Definitely one of the weaker areas in the current LLM boom. Comparing models, or...

ACCount37 · 2025-11-08T14:59:42 1762613982

Ratings on LMArena are too easily gamed.

Even professional human evaluators are quite vulnerable to sycophancy and overconfident-and-wrong answers. And LMArena evaluators aren't professionals.

A lot of the sycophancy mess that seeps from this generation of LLM stems from reckless tuning based on human feedback. Tuning for good LMArena performance has similar effects - and not at all by a coincidence.

energy123 · 2025-11-08T16:34:39 1762619679

It's biased to small context performance, which is why I don't pay much attention to it as a developer aside from a quick glance.
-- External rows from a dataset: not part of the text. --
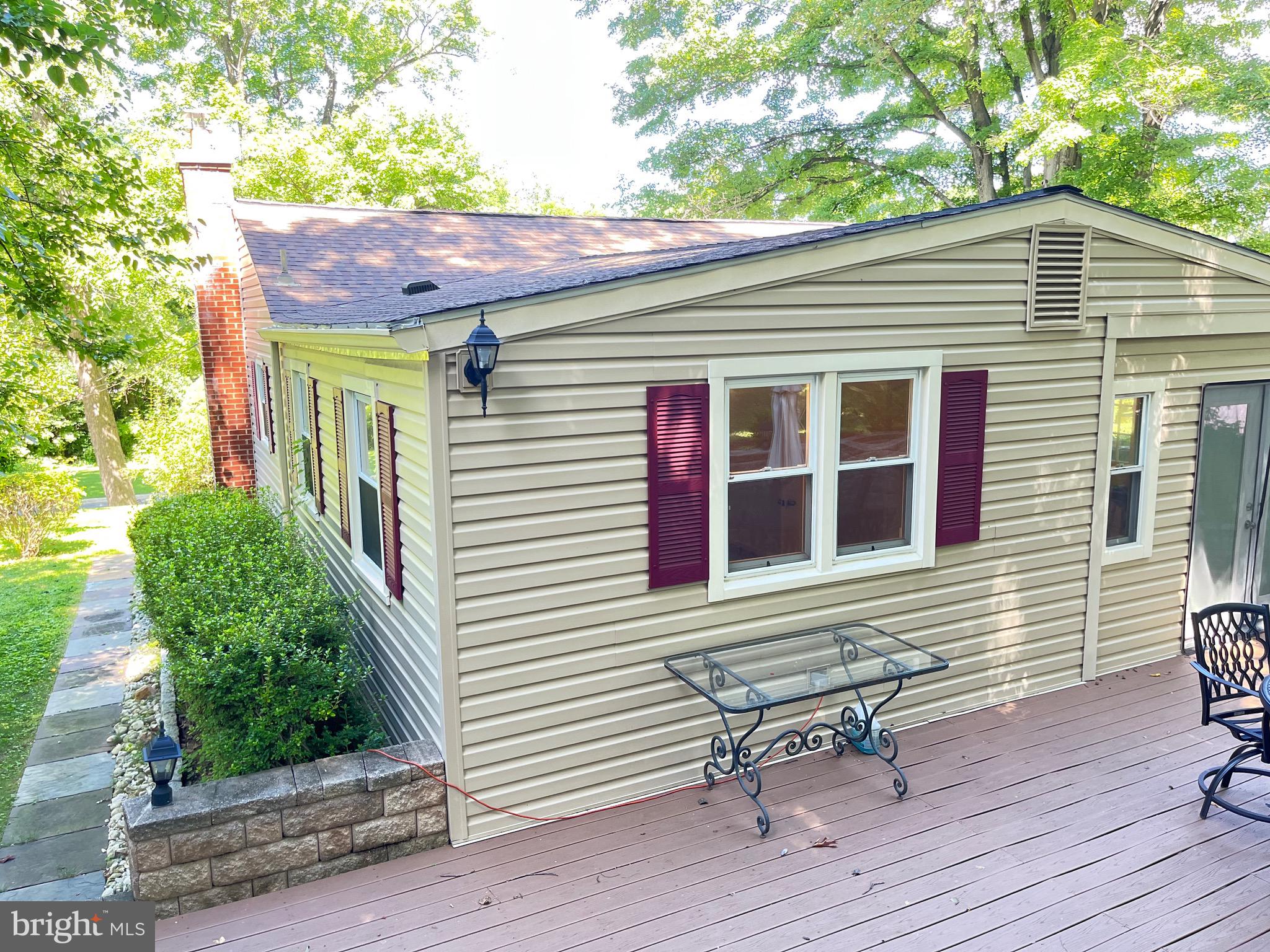 11836 Huggins Drive Silver Spring, MD 20902 - Photo 18 of 52 Side Entrance From Driveway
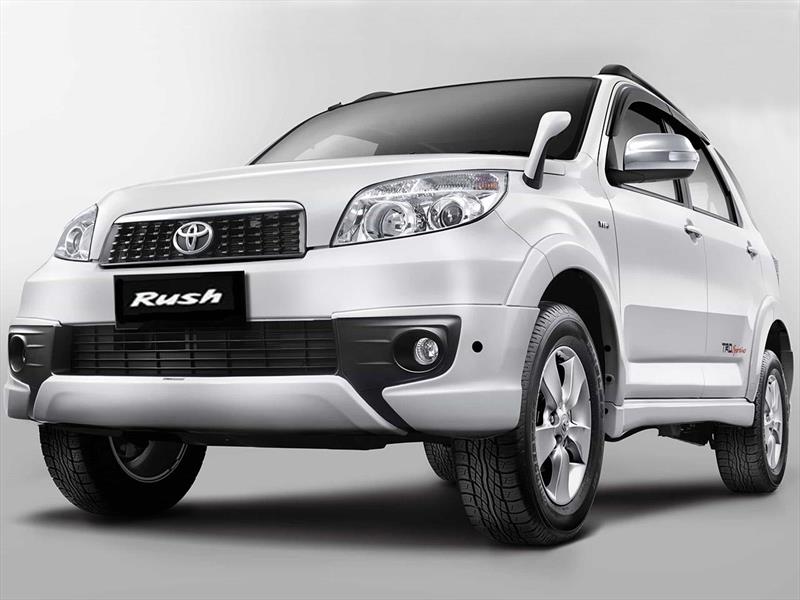 Toyota Rush LEI 4x4 (2018)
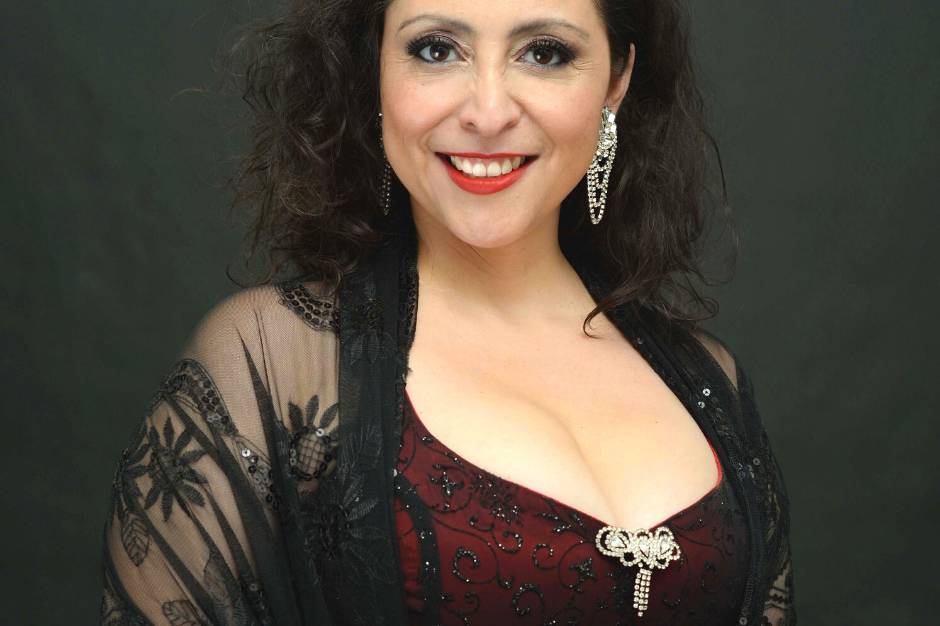 Cantante Lírica Claudia Yáñez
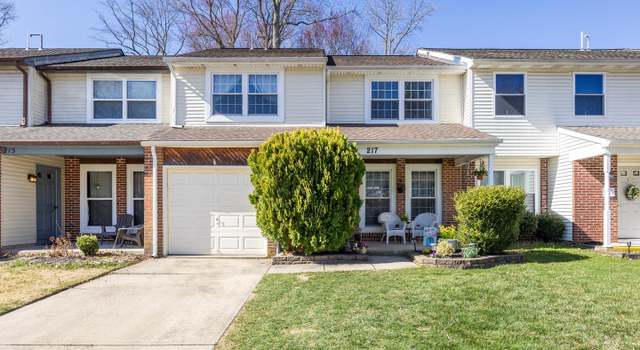 Photo of 217 Foxwood Ln, Marlton, NJ 08053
I need performance at 40-100k tokens which models like Deepseek can't deliver but Gemini 2.5 Pro and ChatGPT 5.0 Thinking can.
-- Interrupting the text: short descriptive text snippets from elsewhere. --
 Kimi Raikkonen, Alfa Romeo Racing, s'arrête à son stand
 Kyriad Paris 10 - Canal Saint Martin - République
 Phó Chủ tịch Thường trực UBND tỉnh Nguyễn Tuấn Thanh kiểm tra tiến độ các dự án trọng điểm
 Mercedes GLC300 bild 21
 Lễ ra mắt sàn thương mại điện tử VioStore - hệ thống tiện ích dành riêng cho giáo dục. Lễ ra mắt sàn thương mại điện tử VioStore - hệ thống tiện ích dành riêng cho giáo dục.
ACCount37 · 2025-11-08T17:17:31 1762622251

And even "long term performance" splits itself into "performance on multi-turn instruction following" and "performance on agentic tasks" down the line. And "performance on agentic tasks" is a hydra in itself.

Capturing LLM performance with a single metric is a hopeless task. But even a single flawed metric beats no metrics at all.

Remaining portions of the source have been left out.